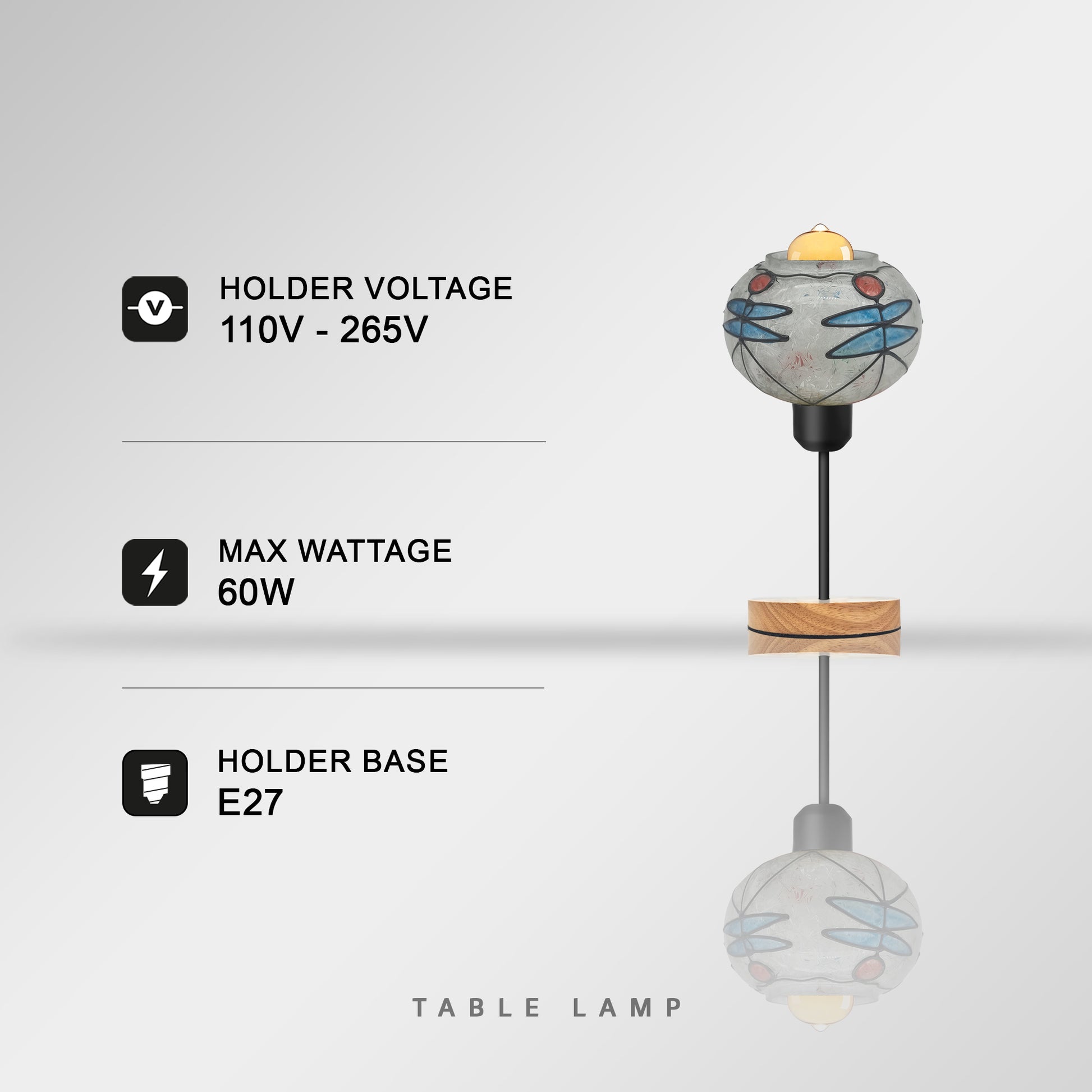 industrial Glass table lamp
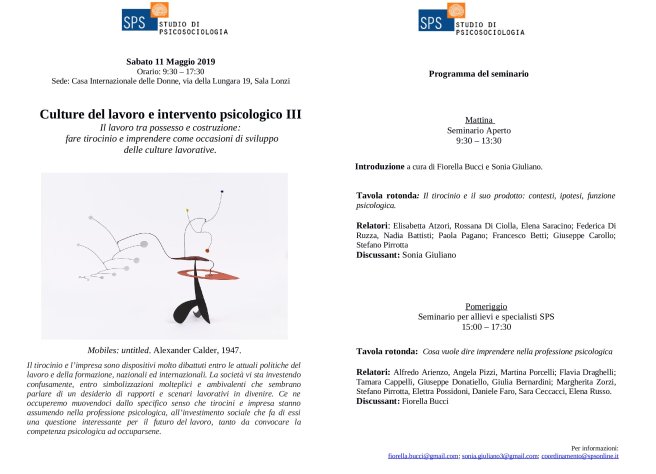 Locandina Seminario Culture Lavoro III 11 Maggio 2019_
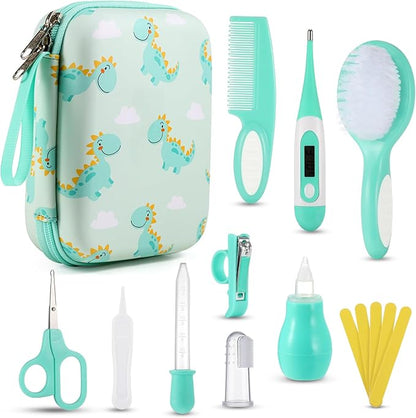 Lilian&Gema Baby Grooming Kit Newborn Boy, 15 in 1 Baby Safety Care Set, Portable Baby Healthcare Set with Baby Hair Brush and Comb, Baby Nail Kit, Nasal Aspirator, Perfect Gifts for Boys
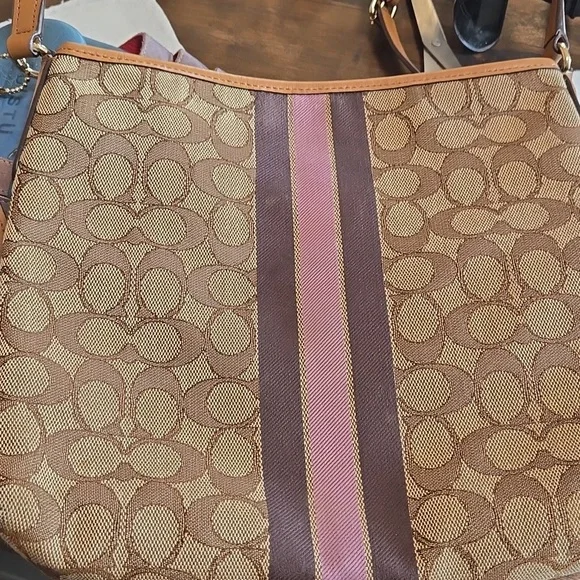 Coach File Brown and Purple Signature Crossbody Bag - Picture 12 of 13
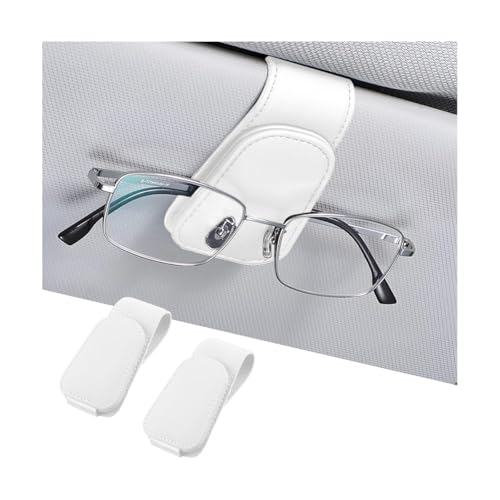 Image of AICEL Sunglasses Holders for Car Sun Visor, Leather Eyeglasses Hanger Mounter, Magnetic Glasses Holder and Ticket Card Clip, Auto Interior Accessories Universal for SUV Pickup Truck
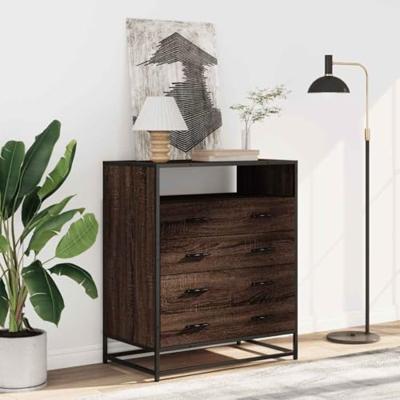 Ladekast 70x41x83,5 cm bewerkt hout bruin eikenkleur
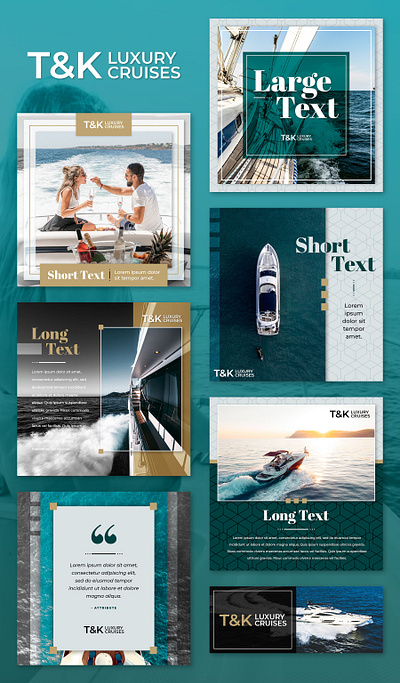 T&K Luxury Cruises Social Media Post Templates branding graphic design social media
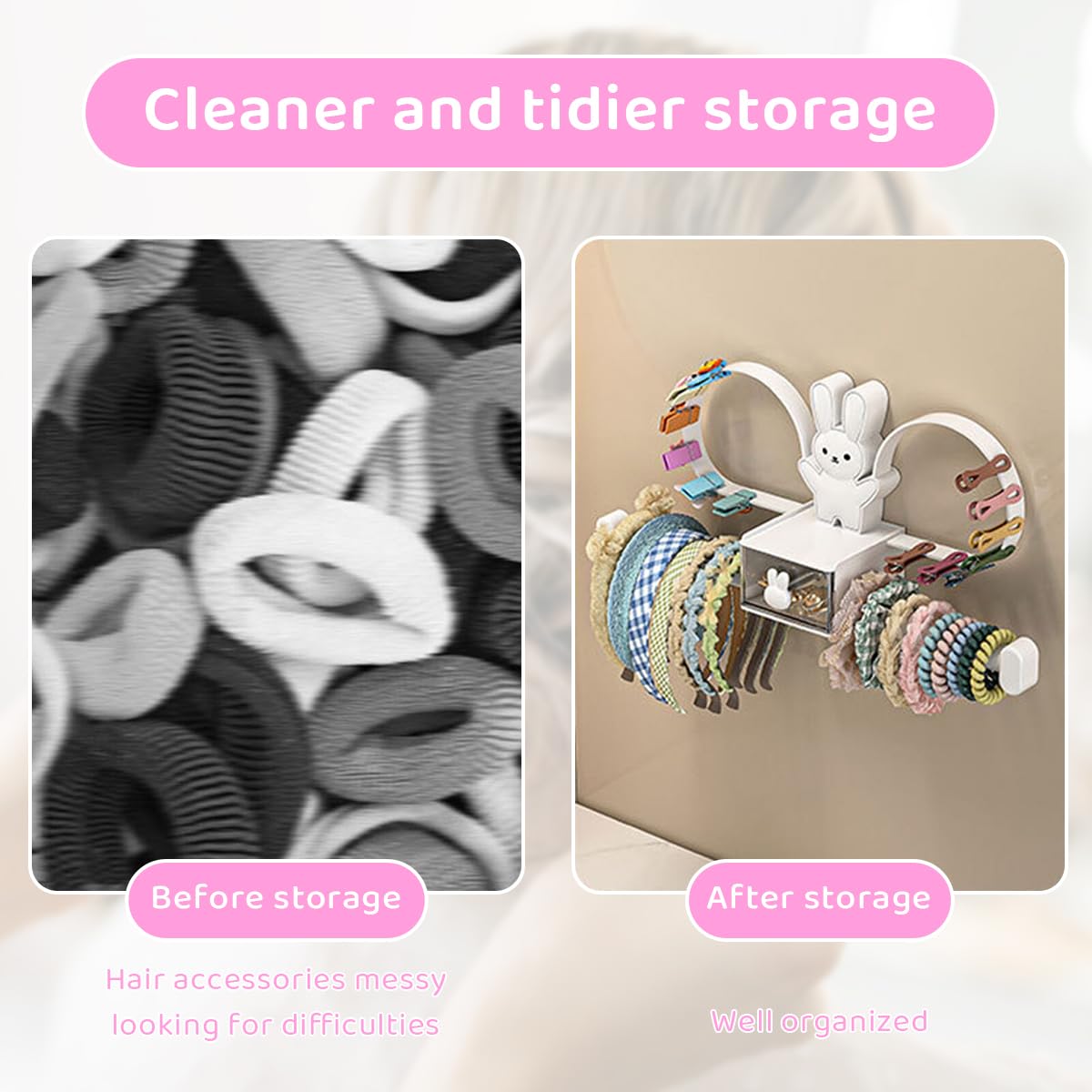 HASTHIP Headband Holder Organizer for Girls with Double Layer Design and Drawer | Cute Bunny Décor
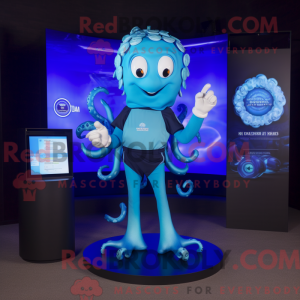 Blue Medusa mascot costume...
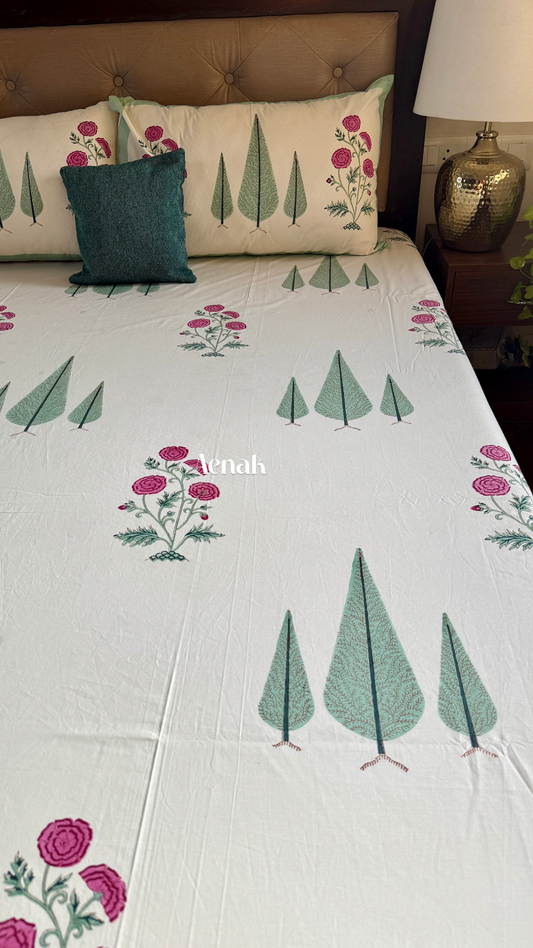 Magenta Floral Garden Handblock Printed Premium Cotton Bedsheet (Ivory Base)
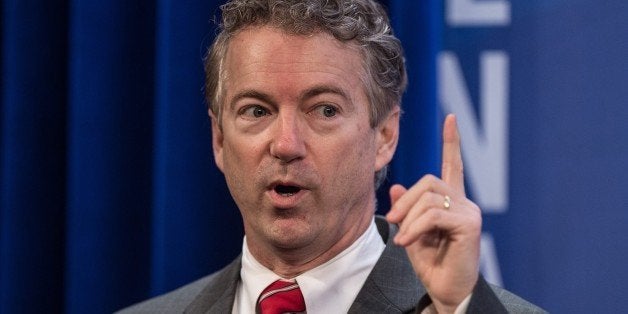 US Republican Senator from Kentucky Rand Paul addresses the 2015 Conservative Policy Summit at the Heritage Foundation in Washington on January 13, 2015. Paul is a possible presidential candidate in next year's election. AFP PHOTO/NICHOLAS KAMM (Photo credit should read NICHOLAS KAMM/AFP/Getty Images)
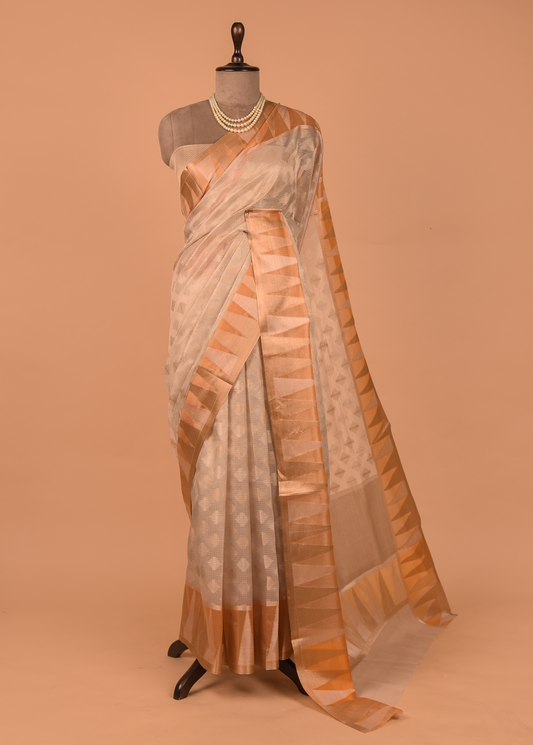 Silver Tissue Cotton Saree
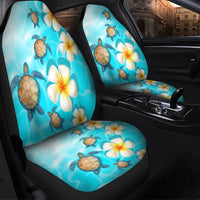 Hawaii Turtle Plumeria Ocean Car Seat Covers - AH - Polynesian Pride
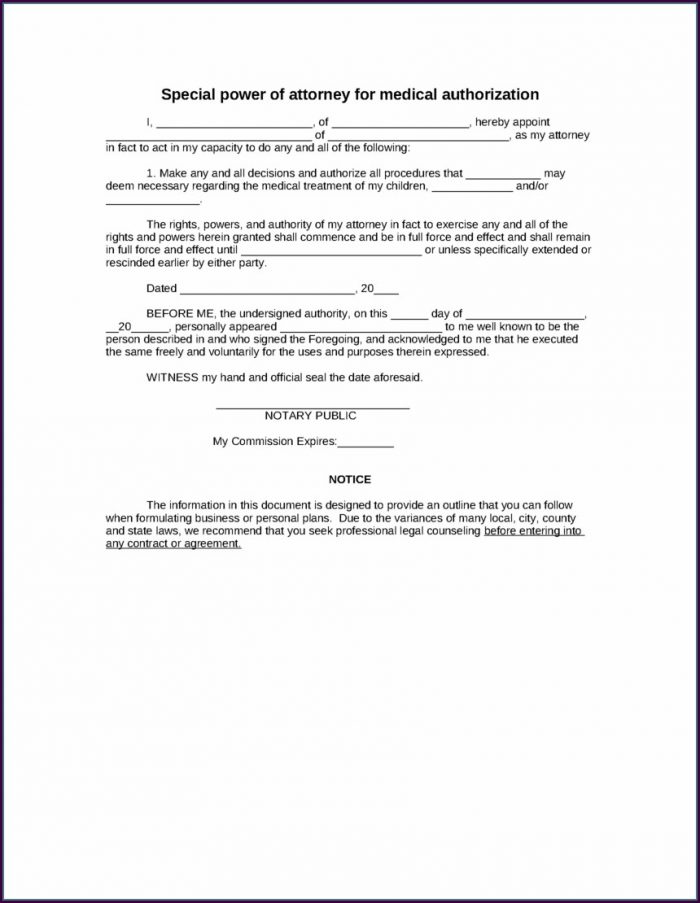 General Power Of Attorney Template Word General Power Of Attorney Template Word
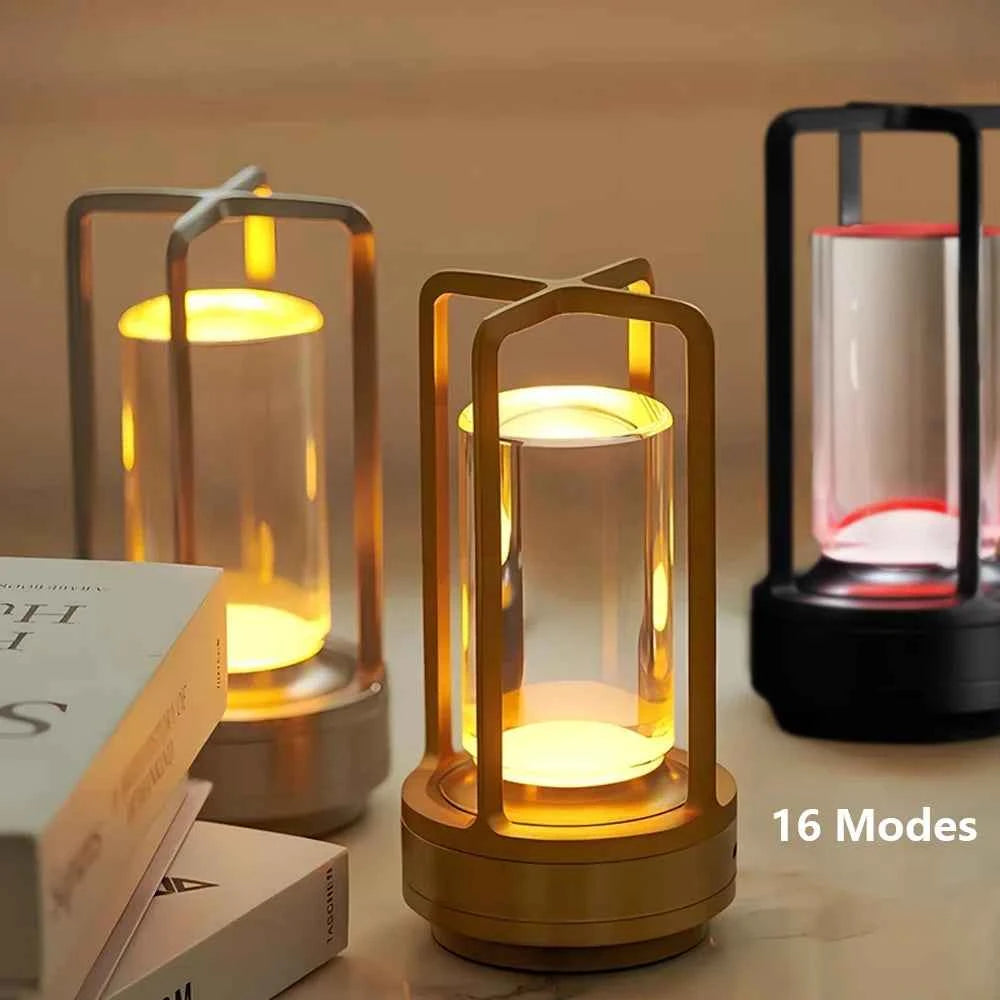 16 Modes Table Lamp LED Rechargeable Dimmable Mood Light Crystal Candle Room Decoration Portable Night Lights For Home Bar Gift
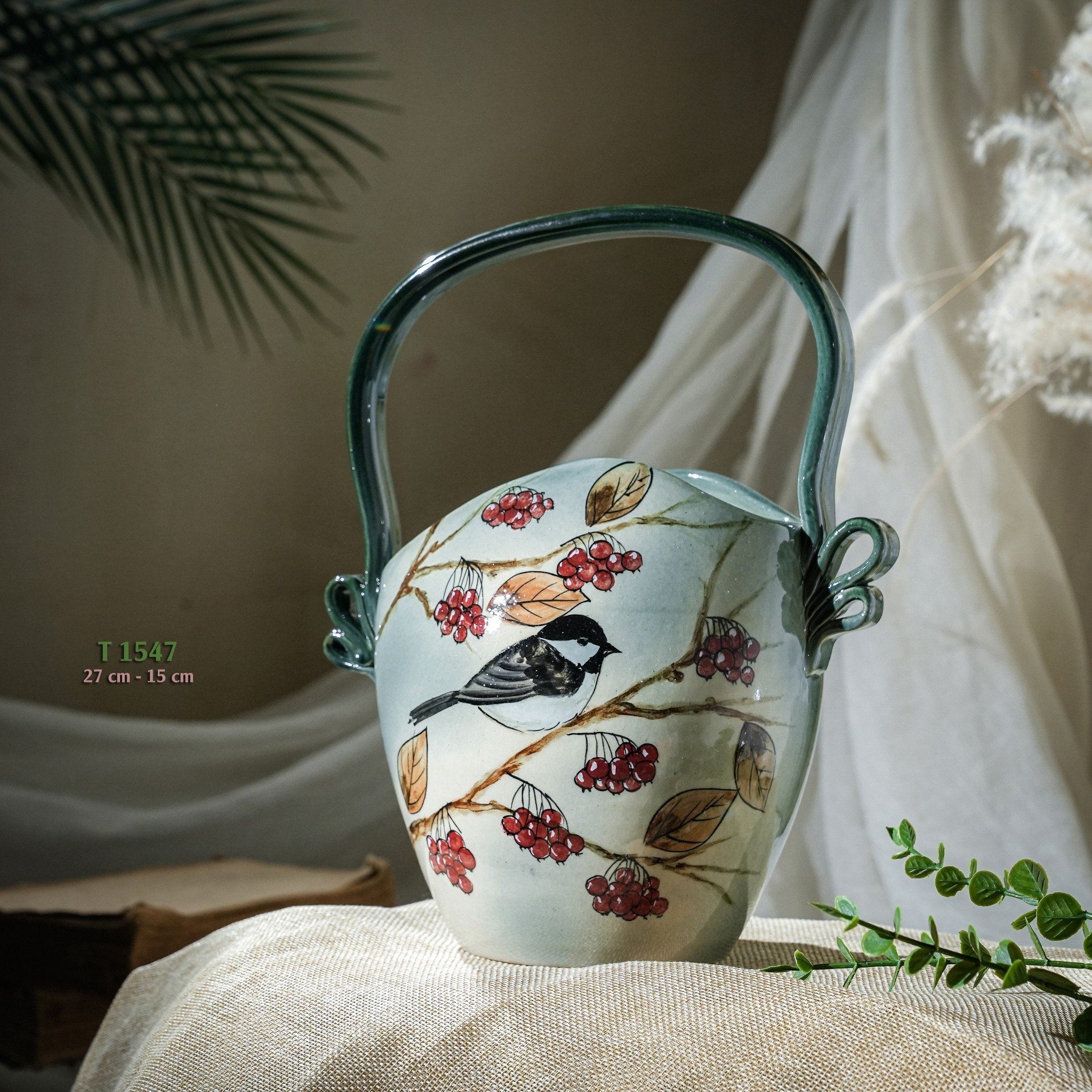 Bình hoa vuốt tay độc bản Từ Tâm T1547 - 27x15cm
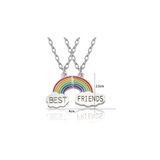 2 Adet Gökkuşağı Best Friends Kolye Bff Ikili Arkadaşlık Kolyesi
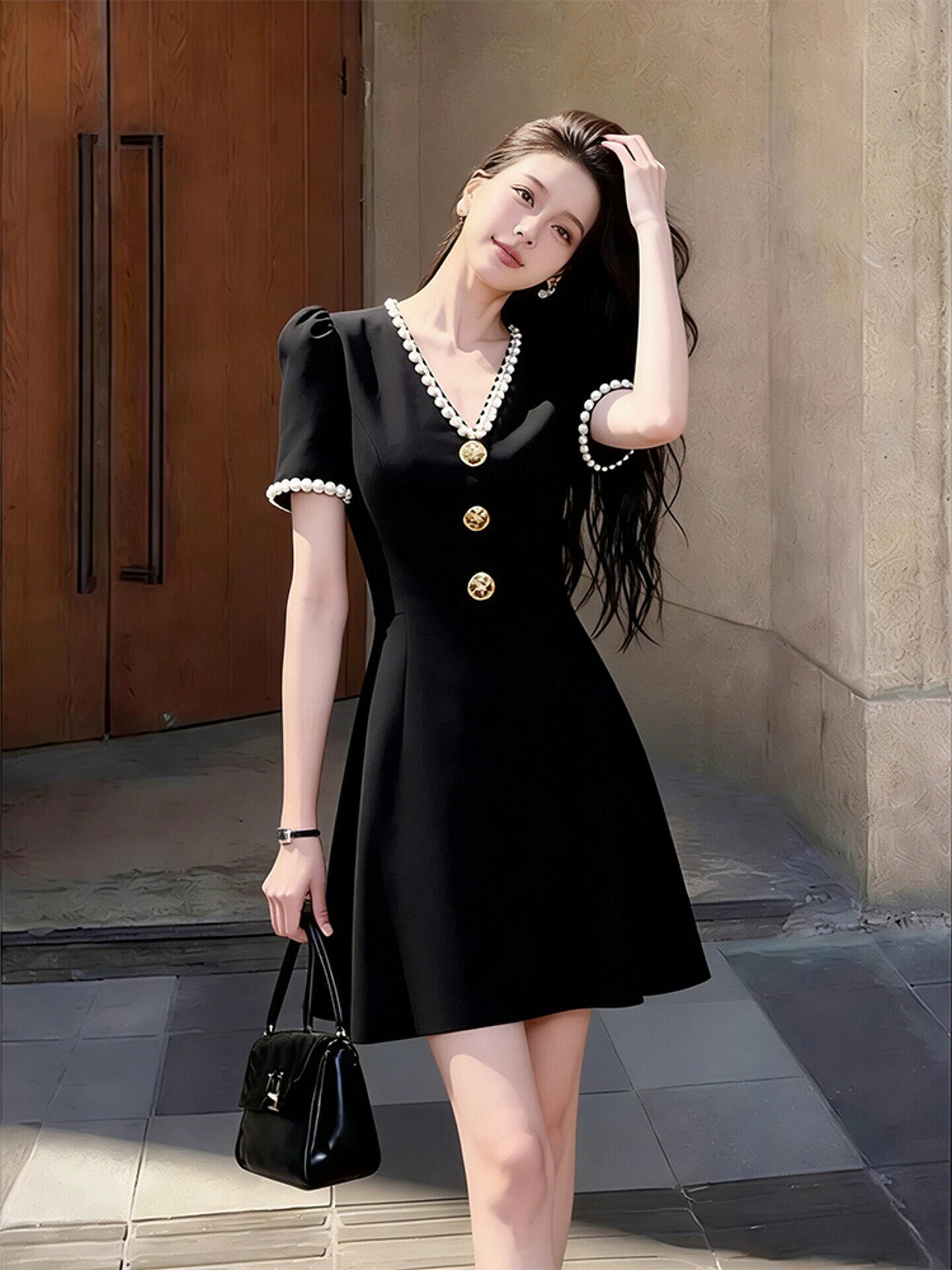 pearl-Trimmed V-Neck Mini Dress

Problem requirements -
Transcribe the listing in full. Omit the pictures and keep every line exact.

Reply -
 industrial Glass table lamp
 Locandina Seminario Culture Lavoro III 11 Maggio 2019_
 Lilian&Gema Baby Grooming Kit Newborn Boy, 15 in 1 Baby Safety Care Set, Portable Baby Healthcare Set with Baby Hair Brush and Comb, Baby Nail Kit, Nasal Aspirator, Perfect Gifts for Boys
 Coach File Brown and Purple Signature Crossbody Bag - Picture 12 of 13
 Image of AICEL Sunglasses Holders for Car Sun Visor, Leather Eyeglasses Hanger Mounter, Magnetic Glasses Holder and Ticket Card Clip, Auto Interior Accessories Universal for SUV Pickup Truck
 Ladekast 70x41x83,5 cm bewerkt hout bruin eikenkleur
 T&K Luxury Cruises Social Media Post Templates branding graphic design social media
 HASTHIP Headband Holder Organizer for Girls with Double Layer Design and Drawer | Cute Bunny Décor
 Blue Medusa mascot costume...
 Magenta Floral Garden Handblock Printed Premium Cotton Bedsheet (Ivory Base)
 US Republican Senator from Kentucky Rand Paul addresses the 2015 Conservative Policy Summit at the Heritage Foundation in Washington on January 13, 2015. Paul is a possible presidential candidate in next year's election. AFP PHOTO/NICHOLAS KAMM (Photo credit should read NICHOLAS KAMM/AFP/Getty Images)
 Silver Tissue Cotton Saree
 Hawaii Turtle Plumeria Ocean Car Seat Covers - AH - Polynesian Pride
 General Power Of Attorney Template Word General Power Of Attorney Template Word
 16 Modes Table Lamp LED Rechargeable Dimmable Mood Light Crystal Candle Room Decoration Portable Night Lights For Home Bar Gift
 Bình hoa vuốt tay độc bản Từ Tâm T1547 - 27x15cm
 2 Adet Gökkuşağı Best Friends Kolye Bff Ikili Arkadaşlık Kolyesi
 pearl-Trimmed V-Neck Mini Dress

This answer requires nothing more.